20. The method of claim 19 wherein the reduced functionality comprises thermal throttling.

21. The method of claim 20 wherein the thermal throttling is controlled by a power controller unit.

22. The method of claim 1 wherein the compute platform provides a hardware acceleration function.

23. The method of claim 22 wherein the hardware acceleration function comprises one or more domain specific frameworks.

24. (canceled)

25. The method of claim 1 wherein the module comprises a U.2 form factor.

26. The method of claim 1 wherein the module comprises an M.2 form factor.

27-29. (canceled)

30. A computer program product embodied in a non-transitory computer readable medium for platform optimization, the computer program product comprising code which causes one or more processors to perform operations of:

obtaining a compute platform pluggable module form factor and functionality, wherein the form factor enables single socket plugging within a plurality of sockets on a compute platform, and wherein the form factor employs electrical connections in each socket;

establishing a scaling form factor commensurate with one or more adjacent sockets on the compute platform, wherein the one or more adjacent sockets each provide similar functionality for modules, and wherein the one or more adjacent sockets can be used interchangeably without loss of functionality of the compute platform; and

providing a single, integrated, rigid module according to the scaling form factor that plugs into the one or more adjacent sockets of the compute platform, wherein: the module provides expanded functionality over a single-plug form factor module; the expanded functionality is enabled through use of electrical connections of each socket of the one or more adjacent sockets; and the module is detected as a single device by the compute platform.
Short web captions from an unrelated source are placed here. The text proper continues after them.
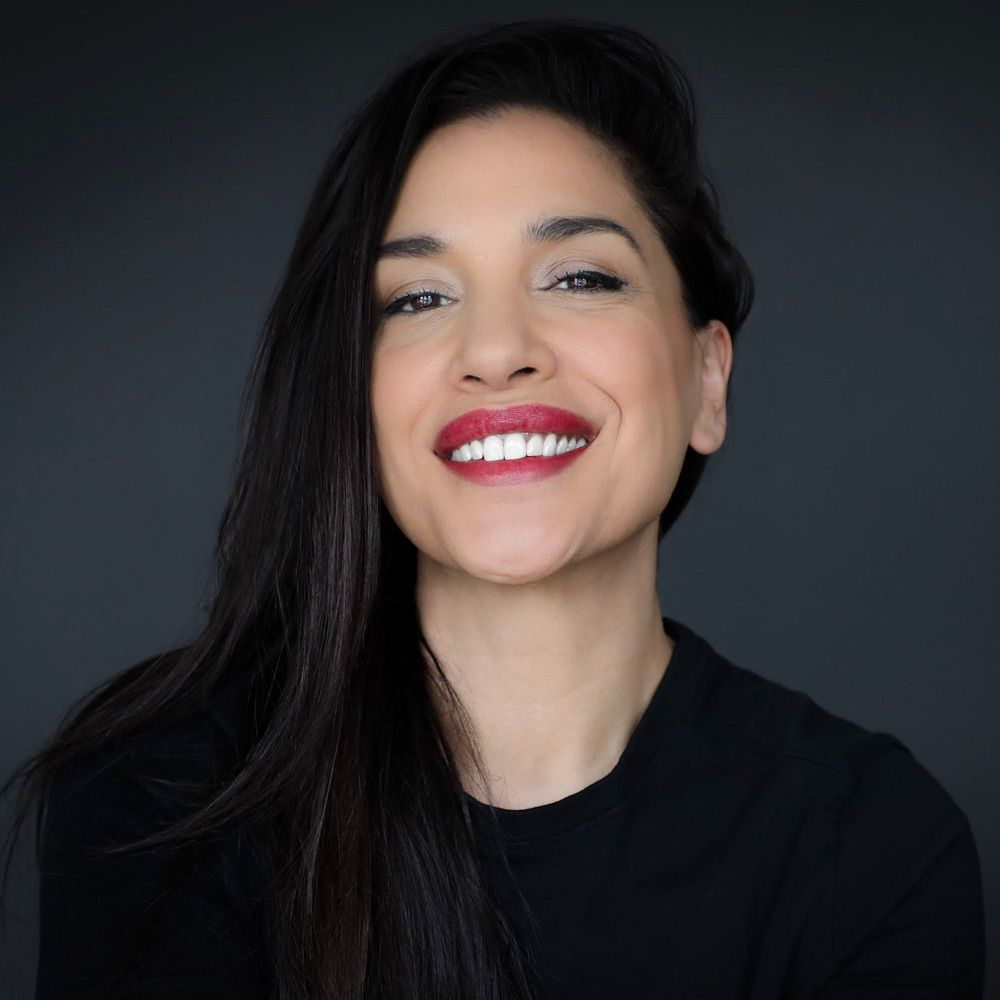 Rachael Ancheril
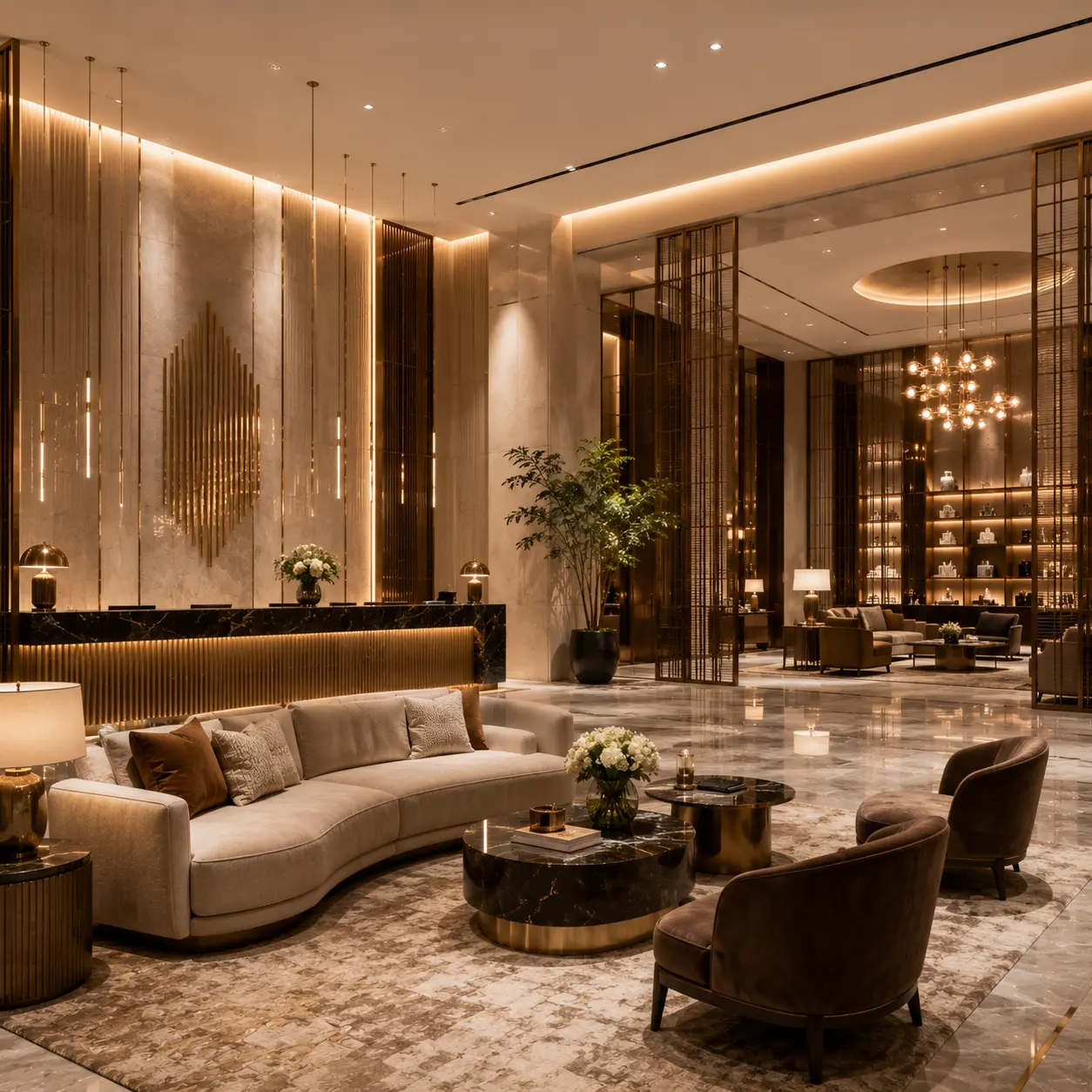 Hospitality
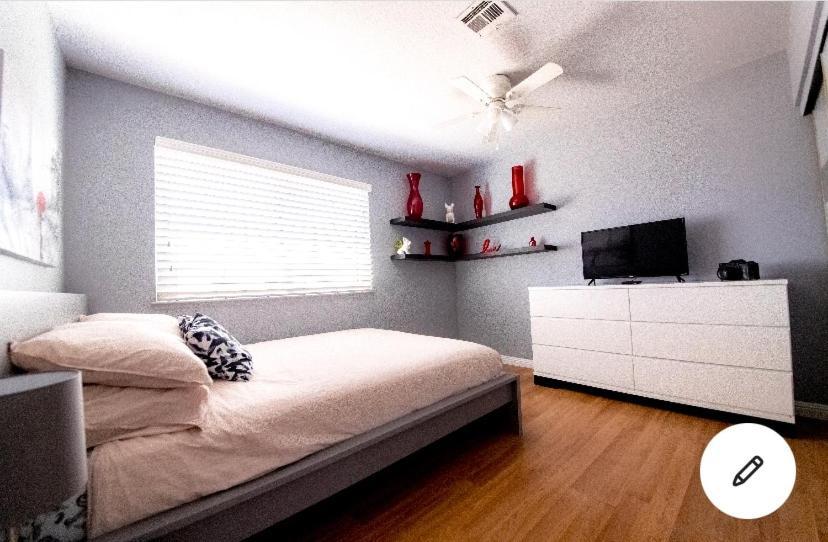 Comfortable Las Vegas Home Away From Home Henderson Exterior foto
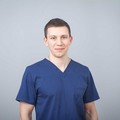 Фотография специалиста Панков Андрей Александрович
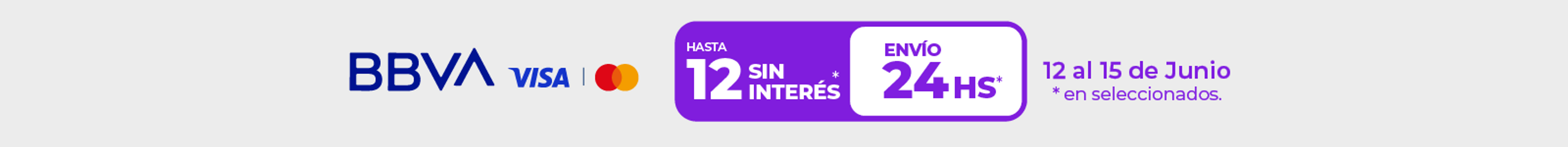 promoción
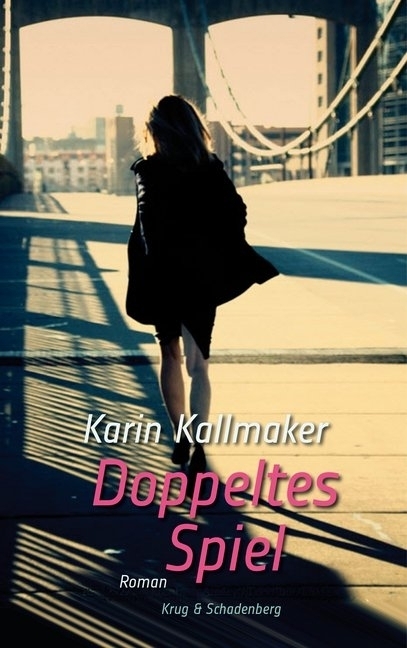 Cover: 9783959170161 | Doppeltes Spiel | Roman | Karin Kallmaker | Taschenbuch | 357 S.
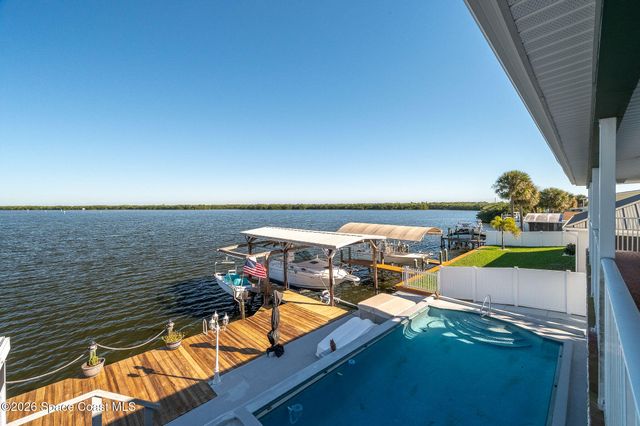 610 Paula Avenue, Merritt Island, FL 32953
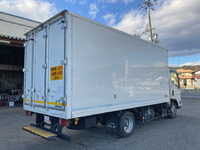 ISUZU Elf Refrigerator & Freezer Truck TPG-NPR85AN 2018 185,880km_2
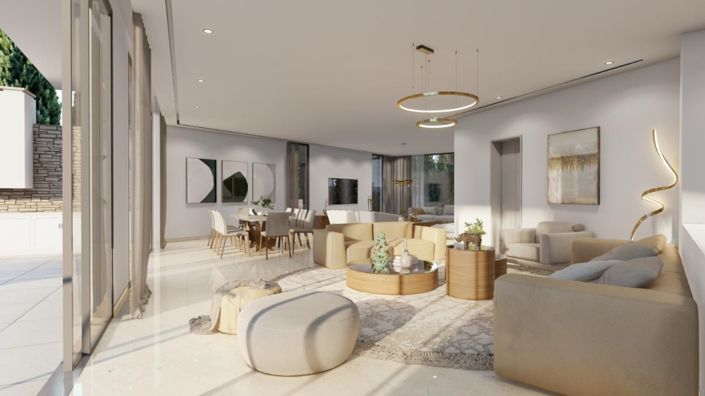 Image No.6-4 Bed Villa for sale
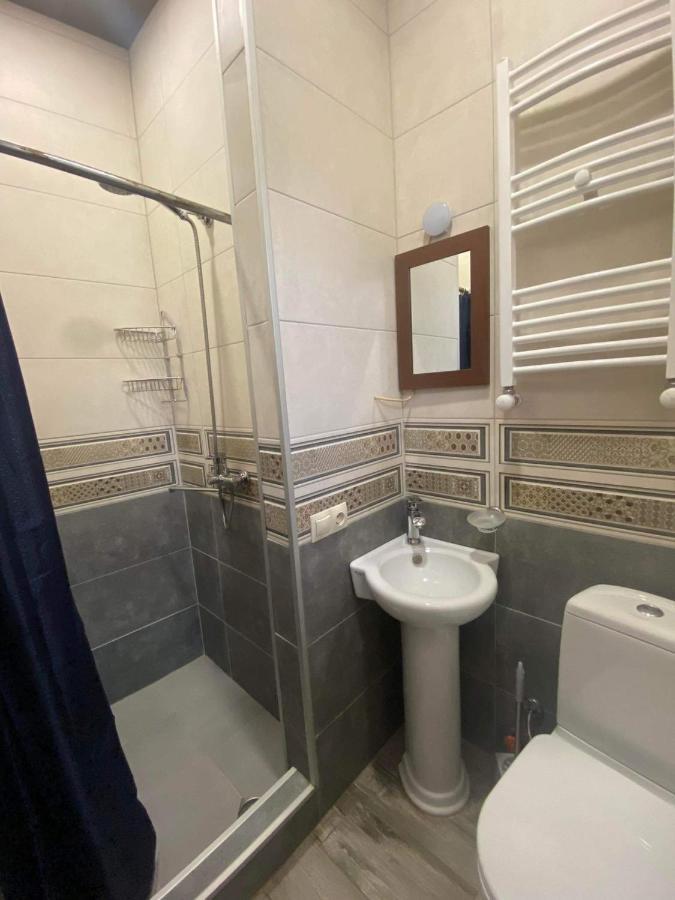 Appartement Дом 8 à Tbilissi Extérieur photo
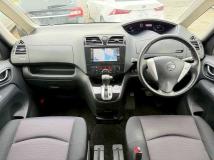 2012 Nissan Serena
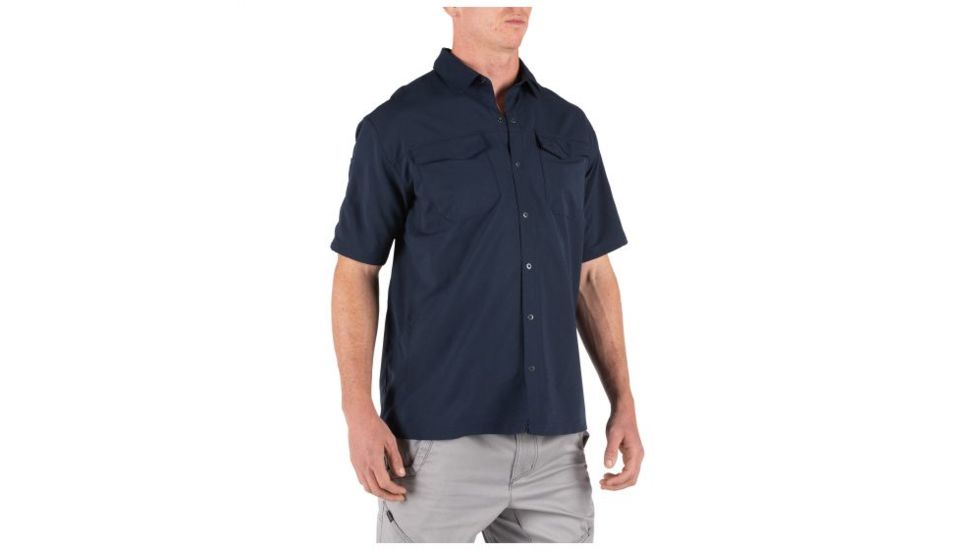 Freedom Flex Woven Shirt 5.11 Tactical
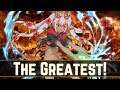 The Greatest Summer Laevatein! - ColorCraze's Summer Laevatein Build 【Fire Emblem Heroes】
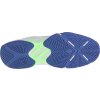 Bílé sportovní boty na squash ASICS Blade FF (Velikost 41,5)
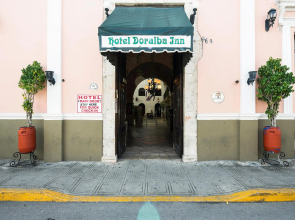 Hotel Doralba Inn
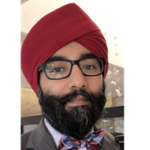 Sarbhpreet S. SAWHNEY (Senior Representative, Asia-Pacific International Division Aircraft Certification Service, Aviation Safety at Federal Aviation Administration)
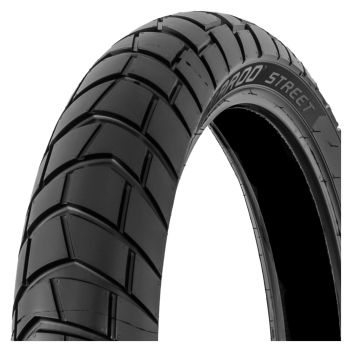 METZELER - KAROO STREET - 110/80 R19 TL 59V M+S -  Sommerreifen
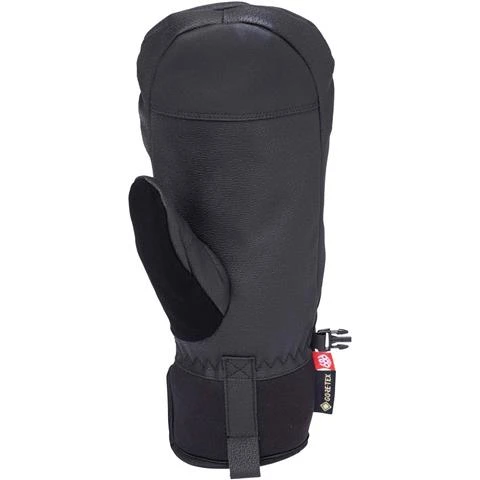 686 Men's GTX Linear Under Cuff Mitt 9 686 Men's GTX Linear Under Cuff Mitt - Image 7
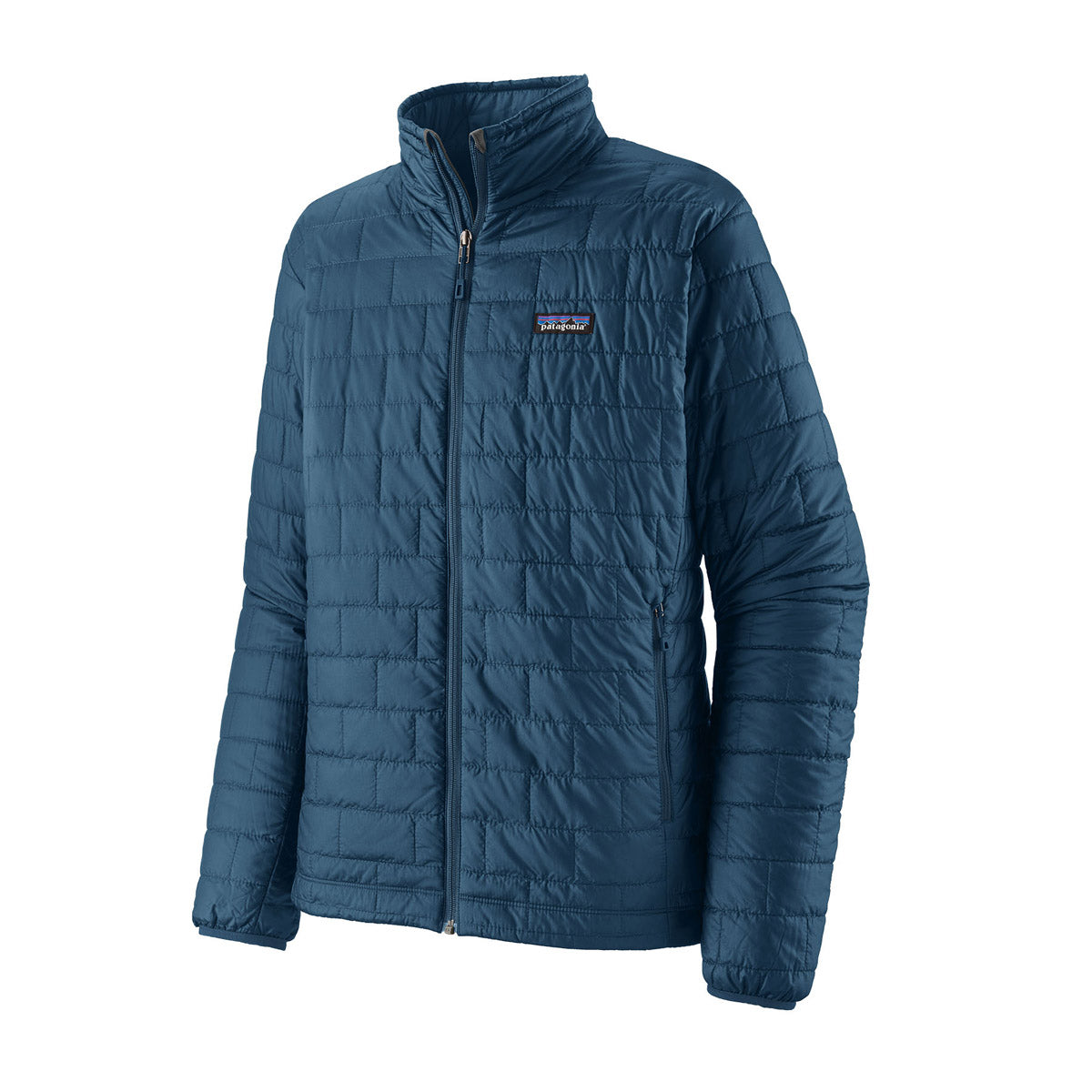 Men&#39;s Nano Puff Jacket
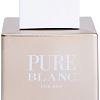 Туалетная вода Geparlys Pure Blanc for Men EdT (100 мл)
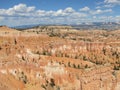 Bryce Canyon Utah USA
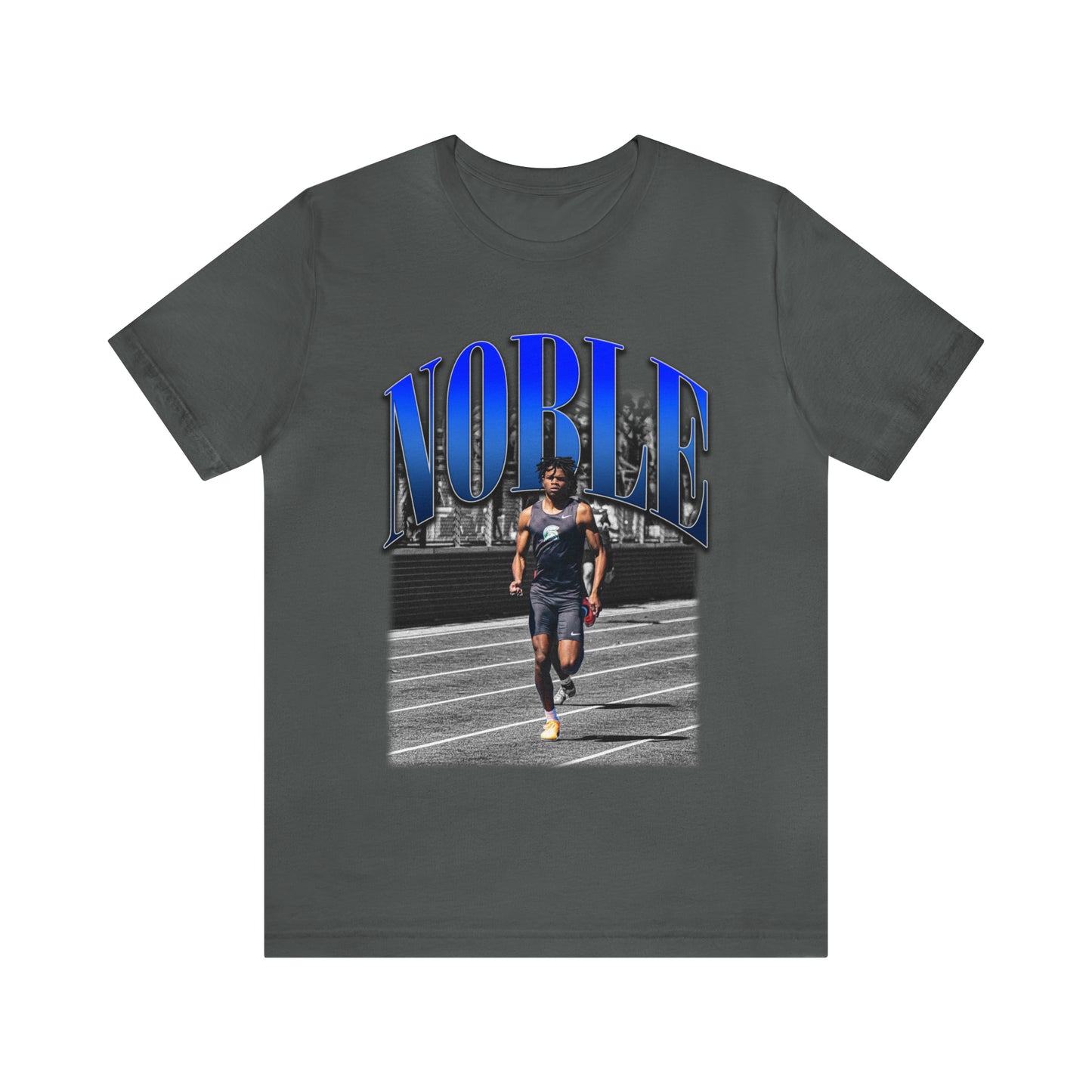 Courtland Noble: Noble Tee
31. A computer system for platform optimization comprising:

a memory which stores instructions;

one or more processors attached to the memory wherein the one or more processors, when executing the instructions which are stored, are configured to: obtain a compute platform pluggable module form factor and functionality, wherein the form factor enables single socket plugging within a plurality of sockets on a compute platform, and wherein the form factor employs electrical connections in each socket; establish a scaling form factor commensurate with one or more adjacent sockets on the compute platform, wherein the one or more adjacent sockets each provide similar functionality for modules, and wherein the one or more adjacent sockets can be used interchangeably without loss of functionality of the compute platform; and provide a single, integrated, rigid module according to the scaling form factor that plugs into the one or more adjacent sockets of the compute platform, wherein: the module provides expanded functionality over a single-plug form factor module; the expanded functionality is enabled through use of electrical connections of each socket of the one or more adjacent sockets; and the module is detected as a single device by the compute platform.